Add TUF schema files - Githubissues

fridex commented 2 years ago

Add TUF JSON schema files. These schema files were produced as part of Datadog agent integration testsuite (additionally adjusted to remove Datadog specific parts) and have not been reviewed yet - I'm new to TUF/in-toto, so please review any possible inconsistencies and sorry for them.

Closes: #242

fridex commented 2 years ago

Thanks for the review, Trishank. Comments raised were addressed.

Please see also additional changes outside of the PR review comments (starting from d6731dc).

A concern I have is the listing of hashes in .signed.meta.snapshot\.json in snapshots.json. The schema proposed requires both sha256 and sha512, but the example from the specification lists only sha256 (also for example in targets.json). According to the spec, hash type is not enforced to my understanding.

Also, for completeness, should we include a schema for mirrors.json?

trishankatdatadog commented 2 years ago

Also, for completeness, should we include a schema for mirrors.json?

Sorry, no need for mirrors, which is being replaced by TAP 4. A schema for the latter would be nice!
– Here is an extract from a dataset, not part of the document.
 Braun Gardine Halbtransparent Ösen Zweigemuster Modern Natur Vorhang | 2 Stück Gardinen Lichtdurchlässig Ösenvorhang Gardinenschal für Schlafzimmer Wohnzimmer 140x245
trishankatdatadog commented 2 years ago

A concern I have is the listing of hashes in .signed.meta.snapshot\.json in snapshots.json. The schema proposed requires both sha256 and sha512, but the example from the specification lists only sha256 (also for example in targets.json). According to the spec, hash type is not enforced to my understanding.
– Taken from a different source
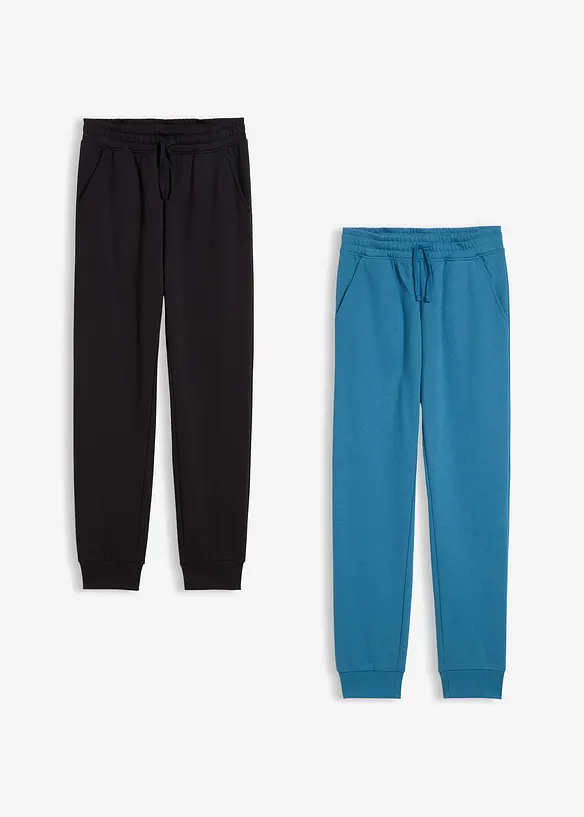 Pantaloni da jogging in misto cotone morbido (pacco da 2), bonprix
The spec doesn't mandate using any particular hash algo, so I think having a list of algos, and requiring at least one of them makes the most sense.

trishankatdatadog commented 2 years ago

Thanks, @fridex! If not too much to ask, do you think we could do some sort of integration testing against the Datadog Agent Integrations and/or Sigstore TUF metadata?

Cc @asraa @patflynn

fridex commented 1 year ago

Thanks, @fridex! If not too much to ask, do you think we could do some sort of integration testing against the Datadog Agent Integrations and/or Sigstore TUF metadata?

These schemas pass for Datadog Agent Integrations. I'm open to do the same for Sigstore TUF metadata if you point me to them.

fridex commented 1 year ago

Also, for completeness, should we include a schema for mirrors.json?

Sorry, no need for mirrors, which is being replaced by TAP 4. A schema for the latter would be nice!

Added also schema for TAP 4. To my understanding, the file is located on client machines and thus does not need to be signed. Hence, it keeps just entries from the example in TAP 4 spec.

trishankatdatadog commented 1 year ago

These schemas pass for Datadog Agent Integrations. I'm open to do the same for Sigstore TUF metadata if you point me to them.

Great! @patflynn do you know where we can find the Sigstore metadata?

trishankatdatadog commented 1 year ago

@fridex oh, one more thing: could we pls link to these schemas from the spec itself?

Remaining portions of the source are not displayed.